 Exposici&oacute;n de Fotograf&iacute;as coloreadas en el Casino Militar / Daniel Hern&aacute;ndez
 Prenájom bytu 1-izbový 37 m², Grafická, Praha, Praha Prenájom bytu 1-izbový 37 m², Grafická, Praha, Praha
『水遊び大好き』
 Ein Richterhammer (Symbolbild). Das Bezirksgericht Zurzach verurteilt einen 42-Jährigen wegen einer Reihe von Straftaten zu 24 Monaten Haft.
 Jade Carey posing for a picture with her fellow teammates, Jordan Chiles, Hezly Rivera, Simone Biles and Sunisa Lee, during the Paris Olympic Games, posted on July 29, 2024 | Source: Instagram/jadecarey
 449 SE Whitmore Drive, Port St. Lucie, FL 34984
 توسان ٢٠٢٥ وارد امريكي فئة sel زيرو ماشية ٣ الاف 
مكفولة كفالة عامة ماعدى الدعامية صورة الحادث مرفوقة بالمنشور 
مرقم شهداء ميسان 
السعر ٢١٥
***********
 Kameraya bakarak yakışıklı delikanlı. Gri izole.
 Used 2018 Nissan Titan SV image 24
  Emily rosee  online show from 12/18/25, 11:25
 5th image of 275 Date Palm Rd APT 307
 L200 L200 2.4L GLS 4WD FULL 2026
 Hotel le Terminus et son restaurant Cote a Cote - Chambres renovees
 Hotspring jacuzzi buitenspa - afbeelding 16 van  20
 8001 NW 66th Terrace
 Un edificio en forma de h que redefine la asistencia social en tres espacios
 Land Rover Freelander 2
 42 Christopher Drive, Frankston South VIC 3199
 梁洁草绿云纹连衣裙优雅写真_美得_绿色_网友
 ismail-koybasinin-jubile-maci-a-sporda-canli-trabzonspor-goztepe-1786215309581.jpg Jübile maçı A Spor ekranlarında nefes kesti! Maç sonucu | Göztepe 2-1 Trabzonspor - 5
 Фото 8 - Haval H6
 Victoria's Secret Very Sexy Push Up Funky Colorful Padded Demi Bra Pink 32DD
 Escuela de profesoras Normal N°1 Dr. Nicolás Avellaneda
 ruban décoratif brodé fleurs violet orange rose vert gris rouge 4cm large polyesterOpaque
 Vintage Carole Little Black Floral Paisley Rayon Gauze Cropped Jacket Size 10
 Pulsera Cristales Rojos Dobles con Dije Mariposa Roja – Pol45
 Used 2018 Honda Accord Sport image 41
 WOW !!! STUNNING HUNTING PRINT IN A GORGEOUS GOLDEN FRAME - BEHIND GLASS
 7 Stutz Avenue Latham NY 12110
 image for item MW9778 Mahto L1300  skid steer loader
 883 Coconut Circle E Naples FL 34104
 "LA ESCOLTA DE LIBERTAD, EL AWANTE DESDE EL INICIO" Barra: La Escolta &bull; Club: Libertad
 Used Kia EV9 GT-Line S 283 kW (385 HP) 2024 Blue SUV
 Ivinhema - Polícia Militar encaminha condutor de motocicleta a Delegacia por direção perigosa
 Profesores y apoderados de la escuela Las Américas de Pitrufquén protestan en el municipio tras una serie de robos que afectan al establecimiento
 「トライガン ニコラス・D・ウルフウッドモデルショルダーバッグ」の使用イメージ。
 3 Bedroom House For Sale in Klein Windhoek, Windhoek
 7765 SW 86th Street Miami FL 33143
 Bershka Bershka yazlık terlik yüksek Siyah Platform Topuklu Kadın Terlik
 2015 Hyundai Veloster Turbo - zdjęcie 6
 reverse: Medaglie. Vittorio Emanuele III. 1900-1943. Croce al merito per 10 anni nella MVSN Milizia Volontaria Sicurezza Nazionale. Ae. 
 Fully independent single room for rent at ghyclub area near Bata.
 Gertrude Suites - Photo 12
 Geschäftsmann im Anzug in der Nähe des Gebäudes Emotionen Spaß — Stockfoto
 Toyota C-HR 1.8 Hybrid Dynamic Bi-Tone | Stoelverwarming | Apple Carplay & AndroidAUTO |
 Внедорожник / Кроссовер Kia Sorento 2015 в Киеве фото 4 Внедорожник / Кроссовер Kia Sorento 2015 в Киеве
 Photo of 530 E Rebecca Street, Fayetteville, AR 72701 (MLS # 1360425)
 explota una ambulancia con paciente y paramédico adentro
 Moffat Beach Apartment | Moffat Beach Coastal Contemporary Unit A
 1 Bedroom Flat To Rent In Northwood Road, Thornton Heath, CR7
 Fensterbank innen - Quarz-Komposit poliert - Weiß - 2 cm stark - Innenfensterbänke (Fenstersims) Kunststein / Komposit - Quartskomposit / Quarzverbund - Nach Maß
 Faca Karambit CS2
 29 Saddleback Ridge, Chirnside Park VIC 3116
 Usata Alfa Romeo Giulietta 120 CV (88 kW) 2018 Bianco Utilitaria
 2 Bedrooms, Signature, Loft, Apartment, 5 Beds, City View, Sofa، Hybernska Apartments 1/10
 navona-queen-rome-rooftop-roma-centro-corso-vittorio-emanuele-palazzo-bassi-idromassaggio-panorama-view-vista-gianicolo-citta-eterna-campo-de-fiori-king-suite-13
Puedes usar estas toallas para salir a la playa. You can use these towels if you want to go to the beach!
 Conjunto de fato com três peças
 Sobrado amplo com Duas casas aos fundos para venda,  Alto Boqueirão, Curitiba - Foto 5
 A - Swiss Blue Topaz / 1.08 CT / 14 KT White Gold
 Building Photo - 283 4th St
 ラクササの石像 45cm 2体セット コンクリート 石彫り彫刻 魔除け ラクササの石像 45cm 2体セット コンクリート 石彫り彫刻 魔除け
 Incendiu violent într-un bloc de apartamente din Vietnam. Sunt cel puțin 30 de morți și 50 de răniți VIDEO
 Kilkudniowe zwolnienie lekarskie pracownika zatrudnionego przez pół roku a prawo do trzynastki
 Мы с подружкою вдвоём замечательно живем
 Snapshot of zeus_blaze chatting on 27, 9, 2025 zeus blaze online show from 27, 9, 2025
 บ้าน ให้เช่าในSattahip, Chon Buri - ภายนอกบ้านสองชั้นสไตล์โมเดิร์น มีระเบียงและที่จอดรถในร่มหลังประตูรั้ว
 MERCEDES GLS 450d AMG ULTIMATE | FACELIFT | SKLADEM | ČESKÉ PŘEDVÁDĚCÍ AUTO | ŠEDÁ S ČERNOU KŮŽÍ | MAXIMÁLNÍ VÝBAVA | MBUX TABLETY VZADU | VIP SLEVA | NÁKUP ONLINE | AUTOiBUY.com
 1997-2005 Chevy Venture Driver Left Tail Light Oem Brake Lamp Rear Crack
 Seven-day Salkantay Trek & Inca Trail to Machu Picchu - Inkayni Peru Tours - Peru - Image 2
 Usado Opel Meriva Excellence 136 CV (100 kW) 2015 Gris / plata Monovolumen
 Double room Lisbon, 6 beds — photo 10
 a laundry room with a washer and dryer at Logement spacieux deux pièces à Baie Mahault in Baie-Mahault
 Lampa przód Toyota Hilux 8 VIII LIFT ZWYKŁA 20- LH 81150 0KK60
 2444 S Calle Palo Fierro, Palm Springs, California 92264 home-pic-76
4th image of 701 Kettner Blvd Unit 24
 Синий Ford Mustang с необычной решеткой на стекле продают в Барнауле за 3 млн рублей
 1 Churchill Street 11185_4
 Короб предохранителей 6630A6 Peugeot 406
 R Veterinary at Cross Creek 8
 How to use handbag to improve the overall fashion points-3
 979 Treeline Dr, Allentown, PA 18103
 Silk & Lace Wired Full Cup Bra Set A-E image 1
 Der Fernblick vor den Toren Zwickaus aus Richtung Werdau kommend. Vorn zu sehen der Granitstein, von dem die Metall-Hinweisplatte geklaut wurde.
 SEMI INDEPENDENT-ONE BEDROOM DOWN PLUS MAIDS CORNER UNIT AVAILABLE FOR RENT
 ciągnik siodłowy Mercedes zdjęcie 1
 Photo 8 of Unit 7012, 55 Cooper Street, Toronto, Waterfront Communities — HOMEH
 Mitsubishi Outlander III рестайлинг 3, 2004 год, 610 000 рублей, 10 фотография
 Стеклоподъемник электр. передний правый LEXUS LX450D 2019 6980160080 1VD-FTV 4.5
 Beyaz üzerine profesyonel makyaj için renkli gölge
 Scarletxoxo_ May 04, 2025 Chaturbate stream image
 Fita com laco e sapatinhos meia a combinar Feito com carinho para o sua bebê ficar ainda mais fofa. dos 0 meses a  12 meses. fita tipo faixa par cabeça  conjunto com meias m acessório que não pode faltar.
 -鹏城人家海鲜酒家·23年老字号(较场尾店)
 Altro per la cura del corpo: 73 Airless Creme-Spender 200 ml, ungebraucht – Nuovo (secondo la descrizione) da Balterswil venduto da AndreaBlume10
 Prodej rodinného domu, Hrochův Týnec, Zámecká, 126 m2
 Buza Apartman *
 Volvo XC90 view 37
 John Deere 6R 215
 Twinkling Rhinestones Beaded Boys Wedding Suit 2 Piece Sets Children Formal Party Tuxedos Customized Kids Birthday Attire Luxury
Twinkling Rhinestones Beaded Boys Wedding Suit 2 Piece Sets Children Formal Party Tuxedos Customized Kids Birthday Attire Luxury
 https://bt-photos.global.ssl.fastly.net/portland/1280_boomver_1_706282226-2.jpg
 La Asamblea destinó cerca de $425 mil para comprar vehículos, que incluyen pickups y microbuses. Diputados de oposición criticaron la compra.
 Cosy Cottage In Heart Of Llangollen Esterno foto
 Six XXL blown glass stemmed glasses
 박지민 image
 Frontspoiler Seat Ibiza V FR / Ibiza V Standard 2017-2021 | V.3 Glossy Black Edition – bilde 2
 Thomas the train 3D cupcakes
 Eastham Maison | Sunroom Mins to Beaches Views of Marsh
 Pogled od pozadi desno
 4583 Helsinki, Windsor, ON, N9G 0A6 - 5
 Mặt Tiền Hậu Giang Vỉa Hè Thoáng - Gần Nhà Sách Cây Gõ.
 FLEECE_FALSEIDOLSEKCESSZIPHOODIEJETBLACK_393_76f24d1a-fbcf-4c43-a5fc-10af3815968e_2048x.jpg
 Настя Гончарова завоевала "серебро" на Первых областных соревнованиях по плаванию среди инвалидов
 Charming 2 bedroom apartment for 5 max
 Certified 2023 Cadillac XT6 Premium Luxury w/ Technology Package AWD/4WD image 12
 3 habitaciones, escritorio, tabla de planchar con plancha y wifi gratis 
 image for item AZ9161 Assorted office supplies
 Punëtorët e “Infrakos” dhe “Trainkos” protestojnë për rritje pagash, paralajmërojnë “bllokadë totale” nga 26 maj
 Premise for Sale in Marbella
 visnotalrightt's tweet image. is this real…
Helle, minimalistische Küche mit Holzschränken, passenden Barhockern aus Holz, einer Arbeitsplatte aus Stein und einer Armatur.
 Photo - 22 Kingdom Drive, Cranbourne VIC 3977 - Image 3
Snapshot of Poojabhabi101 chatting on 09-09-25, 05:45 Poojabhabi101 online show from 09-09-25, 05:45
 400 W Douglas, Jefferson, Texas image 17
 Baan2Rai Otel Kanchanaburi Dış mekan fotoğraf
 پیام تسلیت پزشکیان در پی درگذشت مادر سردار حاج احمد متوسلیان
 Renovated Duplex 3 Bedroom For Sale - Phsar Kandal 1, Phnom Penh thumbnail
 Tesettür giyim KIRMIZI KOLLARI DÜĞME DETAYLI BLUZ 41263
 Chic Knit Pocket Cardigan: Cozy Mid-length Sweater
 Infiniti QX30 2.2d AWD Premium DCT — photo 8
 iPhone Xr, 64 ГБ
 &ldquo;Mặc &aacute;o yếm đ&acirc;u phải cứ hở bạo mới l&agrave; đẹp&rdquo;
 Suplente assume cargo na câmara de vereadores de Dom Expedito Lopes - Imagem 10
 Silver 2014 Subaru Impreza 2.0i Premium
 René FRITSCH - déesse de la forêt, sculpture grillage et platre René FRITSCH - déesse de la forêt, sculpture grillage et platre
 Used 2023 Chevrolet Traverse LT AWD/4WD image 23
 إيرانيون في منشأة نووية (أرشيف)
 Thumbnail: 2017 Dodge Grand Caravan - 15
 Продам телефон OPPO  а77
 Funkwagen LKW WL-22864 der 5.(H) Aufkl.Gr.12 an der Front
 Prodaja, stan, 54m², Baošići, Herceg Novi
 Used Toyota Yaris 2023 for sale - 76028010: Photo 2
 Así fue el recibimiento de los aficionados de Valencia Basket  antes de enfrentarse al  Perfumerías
════════════════
Give back the listing exactly, please, from its first line to the line containing "Escuela de profesoras", inclusive, and nothing past that line.

▶ Answer for this exercise
 Exposici&oacute;n de Fotograf&iacute;as coloreadas en el Casino Militar / Daniel Hern&aacute;ndez
 Prenájom bytu 1-izbový 37 m², Grafická, Praha, Praha Prenájom bytu 1-izbový 37 m², Grafická, Praha, Praha
『水遊び大好き』
 Ein Richterhammer (Symbolbild). Das Bezirksgericht Zurzach verurteilt einen 42-Jährigen wegen einer Reihe von Straftaten zu 24 Monaten Haft.
 Jade Carey posing for a picture with her fellow teammates, Jordan Chiles, Hezly Rivera, Simone Biles and Sunisa Lee, during the Paris Olympic Games, posted on July 29, 2024 | Source: Instagram/jadecarey
 449 SE Whitmore Drive, Port St. Lucie, FL 34984
 توسان ٢٠٢٥ وارد امريكي فئة sel زيرو ماشية ٣ الاف 
مكفولة كفالة عامة ماعدى الدعامية صورة الحادث مرفوقة بالمنشور 
مرقم شهداء ميسان 
السعر ٢١٥
***********
 Kameraya bakarak yakışıklı delikanlı. Gri izole.
 Used 2018 Nissan Titan SV image 24
  Emily rosee  online show from 12/18/25, 11:25
 5th image of 275 Date Palm Rd APT 307
 L200 L200 2.4L GLS 4WD FULL 2026
 Hotel le Terminus et son restaurant Cote a Cote - Chambres renovees
 Hotspring jacuzzi buitenspa - afbeelding 16 van  20
 8001 NW 66th Terrace
 Un edificio en forma de h que redefine la asistencia social en tres espacios
 Land Rover Freelander 2
 42 Christopher Drive, Frankston South VIC 3199
 梁洁草绿云纹连衣裙优雅写真_美得_绿色_网友
 ismail-koybasinin-jubile-maci-a-sporda-canli-trabzonspor-goztepe-1786215309581.jpg Jübile maçı A Spor ekranlarında nefes kesti! Maç sonucu | Göztepe 2-1 Trabzonspor - 5
 Фото 8 - Haval H6
 Victoria's Secret Very Sexy Push Up Funky Colorful Padded Demi Bra Pink 32DD
 Escuela de profesoras Normal N°1 Dr. Nicolás Avellaneda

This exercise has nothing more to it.